We live in a complex world where transparency is a vital lever that can be used to accomplish acts of good (the RECAP project in its original form) and evil (Wikileaks's deliberate dumping of the Democratic National Committee e-mails during the 2016 election to harm a particular candidate). The use of pseudonyms is a small part of the puzzle, but an important one, and we should all be on the lookout for instances where anonymity makes sense, and where it doesn't.
UPDATE: Luke Jacobi from Benzinga has responded via e-mail at 1:55 P.M. Pacific Time as follows:
The characterization of Benzinga as "fake news" in a March 7 post on PlainSite's website is false, and we ask that you remove this statement from publication.
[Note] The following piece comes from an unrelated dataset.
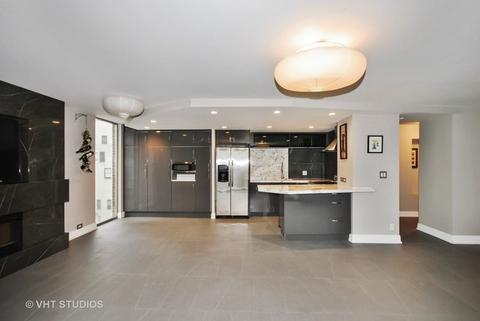 71 E Division St #901, Chicago, IL 60610 photo 7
Benzinga should have been given the opportunity to comment on such a statement prior to publication.
The headlines regarding Credit Acceptance Corp. referenced on your site are headlines from Benzinga Pro, a subscription news wire service. Multiple U.S.-based Benzinga staffers publish headlines to the wire. Wire headlines are between five and 30 words in length and distinct from the full-length stories published ?on Benzinga.com.
The second headline referenced by PlainSite simply reported that Credit Acceptance's stock was not moving in response to PlainSite's tweet. "On name" refers to the name of the corporation in question: Credit Acceptance Corp.
Shanthi Rexaline is a full-time Benzinga staff writer working remotely from Chennai, India.
Our reply, sent at 2:00 P.M. Pacific Time:
Thanks for your message. I’ll make sure that your comment is posted, both on our site and on Twitter.
As for asking for comment: I called and talked to Matt (who works for Benzinga to the best of my knowledge) as mentioned in the article, so that criterion was met from my standpoint. Moreover, I can’t ask Paul Quintaro for comment because as I understand it, he does not exist.
If I am mistaken and Paul Quintaro does exist, please have him call me at [phone number] or e-mail and I’d be glad to speak with him so long as he can verify his identity with some form of government-issued ID.
Lastly, I will assume your "privileged and/or confidential" signature is standard legal boilerplate that you waive all rights to since you asked to have your comment posted publicly.